Para Julião, a saída é “perseverar e renovar sempre”. “A maior recompensa é a presença e a satisfação com que os clientes, visitantes, admiradores e parceiros entram e saem da loja, na certeza de que foram muito bem recebidos”, assegura ele, que pretende “abrir uma nova loja e aumentar o volume de venda”.
“Eu vejo o mercado de antiguidades bastante oscilante, com muita oferta e pouca procura”, analisa Julião. Já Melissa enxerga na “crescente digitalização” uma possibilidade promissora para seu negócio, permitindo a “divulgação para todo o país”. “Hoje, parte considerável da minha venda é para pessoas de outros Estados. Espero que, no futuro, os jovens também venham a valorizar as antiguidades. Colocar uma peça antiga em um ambiente moderno valoriza, embeleza e traz exclusividade”, assinala Melissa.

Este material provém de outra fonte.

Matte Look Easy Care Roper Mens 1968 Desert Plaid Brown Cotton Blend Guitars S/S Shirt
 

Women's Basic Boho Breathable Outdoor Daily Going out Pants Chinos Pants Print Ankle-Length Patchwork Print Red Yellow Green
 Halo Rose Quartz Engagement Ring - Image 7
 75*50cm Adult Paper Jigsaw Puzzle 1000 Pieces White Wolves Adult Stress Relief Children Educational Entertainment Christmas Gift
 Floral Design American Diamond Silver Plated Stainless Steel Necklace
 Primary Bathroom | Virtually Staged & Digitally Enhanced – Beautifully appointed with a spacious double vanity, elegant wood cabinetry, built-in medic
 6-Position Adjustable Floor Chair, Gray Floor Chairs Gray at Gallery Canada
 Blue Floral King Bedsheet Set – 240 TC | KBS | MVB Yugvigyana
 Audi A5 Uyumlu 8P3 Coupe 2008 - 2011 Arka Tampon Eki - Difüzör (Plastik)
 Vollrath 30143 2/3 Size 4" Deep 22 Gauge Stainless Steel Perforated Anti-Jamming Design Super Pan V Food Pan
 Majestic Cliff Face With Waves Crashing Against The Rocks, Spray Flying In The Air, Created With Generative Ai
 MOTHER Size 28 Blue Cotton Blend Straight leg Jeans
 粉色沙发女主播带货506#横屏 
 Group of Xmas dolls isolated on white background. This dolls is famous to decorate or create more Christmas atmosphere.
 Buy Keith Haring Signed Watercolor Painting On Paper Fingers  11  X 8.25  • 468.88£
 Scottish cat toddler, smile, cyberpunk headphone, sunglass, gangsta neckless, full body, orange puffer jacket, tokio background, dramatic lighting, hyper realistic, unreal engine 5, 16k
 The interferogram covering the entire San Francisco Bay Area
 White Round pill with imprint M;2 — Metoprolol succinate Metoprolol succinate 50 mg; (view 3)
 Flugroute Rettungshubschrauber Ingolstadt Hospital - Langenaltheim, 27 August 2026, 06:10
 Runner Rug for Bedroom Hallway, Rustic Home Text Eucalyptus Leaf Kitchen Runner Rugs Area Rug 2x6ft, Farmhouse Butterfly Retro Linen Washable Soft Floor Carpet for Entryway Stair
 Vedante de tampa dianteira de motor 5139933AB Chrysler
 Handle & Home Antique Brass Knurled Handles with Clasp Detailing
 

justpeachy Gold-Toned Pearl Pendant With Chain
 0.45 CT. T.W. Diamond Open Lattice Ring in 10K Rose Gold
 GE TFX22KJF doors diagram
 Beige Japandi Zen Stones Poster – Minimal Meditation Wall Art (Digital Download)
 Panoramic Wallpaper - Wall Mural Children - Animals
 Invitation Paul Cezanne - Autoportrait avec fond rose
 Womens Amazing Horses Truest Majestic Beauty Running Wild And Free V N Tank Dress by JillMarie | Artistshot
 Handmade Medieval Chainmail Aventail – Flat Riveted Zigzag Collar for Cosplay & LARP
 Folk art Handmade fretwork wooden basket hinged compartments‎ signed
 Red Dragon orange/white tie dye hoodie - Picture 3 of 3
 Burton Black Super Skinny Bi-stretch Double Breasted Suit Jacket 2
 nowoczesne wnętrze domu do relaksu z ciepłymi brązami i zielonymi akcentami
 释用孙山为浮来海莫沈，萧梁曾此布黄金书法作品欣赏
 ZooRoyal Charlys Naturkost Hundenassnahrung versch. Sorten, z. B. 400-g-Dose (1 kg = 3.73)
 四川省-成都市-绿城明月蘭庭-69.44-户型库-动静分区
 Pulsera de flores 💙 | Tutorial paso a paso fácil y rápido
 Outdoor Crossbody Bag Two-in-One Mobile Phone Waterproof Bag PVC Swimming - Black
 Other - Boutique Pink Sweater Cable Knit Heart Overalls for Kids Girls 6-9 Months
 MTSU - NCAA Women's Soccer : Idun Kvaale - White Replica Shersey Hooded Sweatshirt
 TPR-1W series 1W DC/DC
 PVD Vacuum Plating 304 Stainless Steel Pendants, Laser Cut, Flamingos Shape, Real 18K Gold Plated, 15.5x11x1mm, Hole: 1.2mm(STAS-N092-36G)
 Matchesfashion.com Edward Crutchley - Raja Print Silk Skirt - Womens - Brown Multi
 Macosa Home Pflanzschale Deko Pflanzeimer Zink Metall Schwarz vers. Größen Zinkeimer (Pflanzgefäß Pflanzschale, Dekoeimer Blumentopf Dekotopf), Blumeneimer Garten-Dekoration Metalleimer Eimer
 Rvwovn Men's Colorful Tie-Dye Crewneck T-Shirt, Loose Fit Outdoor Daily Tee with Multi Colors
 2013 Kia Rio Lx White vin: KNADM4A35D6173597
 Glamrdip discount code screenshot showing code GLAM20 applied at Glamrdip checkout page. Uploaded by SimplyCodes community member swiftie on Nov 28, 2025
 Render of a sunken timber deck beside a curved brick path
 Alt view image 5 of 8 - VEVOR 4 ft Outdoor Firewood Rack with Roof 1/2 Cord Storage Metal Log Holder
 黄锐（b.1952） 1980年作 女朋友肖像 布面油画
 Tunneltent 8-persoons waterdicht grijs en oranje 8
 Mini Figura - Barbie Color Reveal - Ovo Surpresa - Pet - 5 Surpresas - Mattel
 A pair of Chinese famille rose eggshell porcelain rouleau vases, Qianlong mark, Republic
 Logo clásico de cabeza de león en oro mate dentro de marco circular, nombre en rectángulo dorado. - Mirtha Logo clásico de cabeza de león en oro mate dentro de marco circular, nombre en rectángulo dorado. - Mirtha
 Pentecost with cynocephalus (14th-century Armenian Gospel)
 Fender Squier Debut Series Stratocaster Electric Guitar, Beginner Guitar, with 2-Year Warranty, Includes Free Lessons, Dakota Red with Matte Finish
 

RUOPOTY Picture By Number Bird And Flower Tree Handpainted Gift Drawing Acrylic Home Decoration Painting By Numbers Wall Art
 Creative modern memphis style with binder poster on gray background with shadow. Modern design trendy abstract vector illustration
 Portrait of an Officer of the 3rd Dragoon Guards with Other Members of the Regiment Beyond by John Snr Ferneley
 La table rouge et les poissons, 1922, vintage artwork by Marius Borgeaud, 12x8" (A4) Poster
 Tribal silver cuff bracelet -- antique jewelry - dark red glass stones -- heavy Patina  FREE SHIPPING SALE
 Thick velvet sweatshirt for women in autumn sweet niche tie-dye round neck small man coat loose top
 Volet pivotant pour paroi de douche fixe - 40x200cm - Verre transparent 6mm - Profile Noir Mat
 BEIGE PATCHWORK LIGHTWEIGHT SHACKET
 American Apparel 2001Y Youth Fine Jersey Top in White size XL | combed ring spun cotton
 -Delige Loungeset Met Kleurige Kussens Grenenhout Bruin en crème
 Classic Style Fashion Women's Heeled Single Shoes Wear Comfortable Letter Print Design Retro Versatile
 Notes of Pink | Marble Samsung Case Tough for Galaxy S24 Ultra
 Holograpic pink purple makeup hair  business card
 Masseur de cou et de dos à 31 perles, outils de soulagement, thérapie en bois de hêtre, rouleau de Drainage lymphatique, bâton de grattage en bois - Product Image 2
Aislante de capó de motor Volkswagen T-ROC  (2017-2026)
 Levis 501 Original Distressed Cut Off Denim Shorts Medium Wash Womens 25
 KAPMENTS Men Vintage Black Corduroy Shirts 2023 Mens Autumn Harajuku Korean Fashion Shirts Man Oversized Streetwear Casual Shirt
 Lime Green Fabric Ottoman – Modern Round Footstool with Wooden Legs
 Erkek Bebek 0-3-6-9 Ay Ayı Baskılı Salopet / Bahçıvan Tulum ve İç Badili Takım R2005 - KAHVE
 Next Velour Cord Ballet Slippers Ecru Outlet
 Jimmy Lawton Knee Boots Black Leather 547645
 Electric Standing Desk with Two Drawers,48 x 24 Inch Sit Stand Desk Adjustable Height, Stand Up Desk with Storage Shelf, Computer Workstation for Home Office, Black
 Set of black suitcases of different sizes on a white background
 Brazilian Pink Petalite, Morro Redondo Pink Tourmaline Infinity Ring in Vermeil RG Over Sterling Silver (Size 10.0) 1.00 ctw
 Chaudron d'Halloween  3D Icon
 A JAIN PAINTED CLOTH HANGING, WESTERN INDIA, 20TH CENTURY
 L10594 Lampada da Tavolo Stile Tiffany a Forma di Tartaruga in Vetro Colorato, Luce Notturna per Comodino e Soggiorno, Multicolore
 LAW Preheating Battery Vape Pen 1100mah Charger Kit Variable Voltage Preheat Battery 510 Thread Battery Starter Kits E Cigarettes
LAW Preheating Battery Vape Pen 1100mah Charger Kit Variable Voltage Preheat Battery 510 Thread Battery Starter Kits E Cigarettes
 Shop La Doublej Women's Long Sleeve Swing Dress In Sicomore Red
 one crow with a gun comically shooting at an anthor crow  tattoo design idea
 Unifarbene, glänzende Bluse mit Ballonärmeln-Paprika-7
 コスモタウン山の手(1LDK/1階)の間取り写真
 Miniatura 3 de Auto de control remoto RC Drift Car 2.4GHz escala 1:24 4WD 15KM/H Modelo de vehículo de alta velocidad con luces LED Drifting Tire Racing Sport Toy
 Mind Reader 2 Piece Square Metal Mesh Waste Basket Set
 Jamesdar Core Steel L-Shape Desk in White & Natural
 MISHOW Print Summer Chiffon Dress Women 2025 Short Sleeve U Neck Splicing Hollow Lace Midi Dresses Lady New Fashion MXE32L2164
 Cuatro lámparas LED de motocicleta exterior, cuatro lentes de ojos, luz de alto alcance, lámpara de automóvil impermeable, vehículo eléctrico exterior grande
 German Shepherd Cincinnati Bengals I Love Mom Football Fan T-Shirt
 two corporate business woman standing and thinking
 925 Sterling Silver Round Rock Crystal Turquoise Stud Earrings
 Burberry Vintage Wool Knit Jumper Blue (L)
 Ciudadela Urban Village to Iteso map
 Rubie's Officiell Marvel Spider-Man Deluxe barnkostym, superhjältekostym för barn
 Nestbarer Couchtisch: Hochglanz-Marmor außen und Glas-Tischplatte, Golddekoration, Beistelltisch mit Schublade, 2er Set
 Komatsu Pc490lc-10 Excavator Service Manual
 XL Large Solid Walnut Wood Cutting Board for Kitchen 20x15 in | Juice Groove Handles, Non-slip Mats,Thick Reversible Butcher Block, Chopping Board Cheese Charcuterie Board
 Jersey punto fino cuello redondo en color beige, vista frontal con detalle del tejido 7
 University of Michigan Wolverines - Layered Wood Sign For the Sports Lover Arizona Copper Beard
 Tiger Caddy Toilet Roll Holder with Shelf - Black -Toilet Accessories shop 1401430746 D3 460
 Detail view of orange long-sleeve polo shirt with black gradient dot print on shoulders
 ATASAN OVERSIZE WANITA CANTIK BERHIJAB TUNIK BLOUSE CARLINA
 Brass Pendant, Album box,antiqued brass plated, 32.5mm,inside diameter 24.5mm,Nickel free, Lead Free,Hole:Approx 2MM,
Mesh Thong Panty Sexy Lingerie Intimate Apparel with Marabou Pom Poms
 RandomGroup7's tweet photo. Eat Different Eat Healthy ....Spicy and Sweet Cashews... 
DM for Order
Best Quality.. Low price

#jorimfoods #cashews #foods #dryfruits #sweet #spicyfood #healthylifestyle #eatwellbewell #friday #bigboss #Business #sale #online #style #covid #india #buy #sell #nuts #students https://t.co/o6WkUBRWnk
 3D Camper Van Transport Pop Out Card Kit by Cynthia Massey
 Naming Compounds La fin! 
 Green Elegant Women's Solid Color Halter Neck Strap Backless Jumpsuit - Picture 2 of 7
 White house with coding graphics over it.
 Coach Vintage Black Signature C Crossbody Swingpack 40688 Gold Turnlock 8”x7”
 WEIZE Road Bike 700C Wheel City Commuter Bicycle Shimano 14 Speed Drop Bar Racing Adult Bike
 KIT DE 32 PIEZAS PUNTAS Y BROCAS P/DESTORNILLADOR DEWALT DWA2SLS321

Histórias curiosas incluem Einstein e coleção de galinhas
Ele nunca tinha visto aquele sujeito, que o fitou bem nos olhos, colocou a mão no queixo, e disparou: “Só pode ser o Einstein ou o personagem do filme ‘De Volta para o Futuro!’”, diverte-se Elio Julião, ao relembrar a história com ares de anedota.
Na ocasião, ele tampouco deixou por menos, devolveu o olhar compenetrado, e respondeu: “Ganhei meu dia!”. “Caímos na gargalhada”, recorda Julião, que guarda sincera gratidão a todos os clientes, que, ao visitarem o seu antiquário, compartilham com ele o apreço pelas antiguidades, e cujo valor “vai muito além” do preço monetário.
Proprietária do antiquário San Martin, Melissa Amorim jamais se esqueceu da cliente que tinha por hábito “colecionar galinhas de vidro, que, antigamente, serviam para armazenar manteiga”, conta. O gosto pela ave específica passou a contemplar qualquer objeto com a sua figura simpática, “seja louça, vidro ou porcelana”.
Rodrigo Savassi, dono da Antiguidades e Adornos Savassi adquiriu o seu imponente relógio carrilhão “graças a uma senhora que se mudou para um apartamento menor, onde ele não cabia”. Ele mesmo se angustia com o fato de muitas de suas relíquias extrapolarem o espaço físico tanto de sua casa quanto de seu negócio. “Não tem graça deixar guardadas coisas tão bonitas”, justifica Rodrigo.
Companheira no empreendimento, Liliana Candiotto lamenta que a nova geração nem sempre dê o devido valor às antiguidades. “Quando a gente garimpa essas relíquias, percebemos que, quando o pai ou a mãe falecem, os filhos querem se desfazer, ficam com uma ou outra peça, mas a grande maioria passam pra frente”.
Nesse quesito, ao menos, a piauiense Pruciori Volponi parece constituir uma exceção à regra. “Eu estou aprendendo ainda, porque quem entendia muito de antiguidades era minha sogra”, afirma Pruciori, que, todavia, agora sempre que viaja visita um antiquário. E, dificilmente, “poderia mesmo dizer quase nunca”, sai com as mãos abanando. Elas vão “repletas de história, com um artigo raro, cheio de beleza, e único”.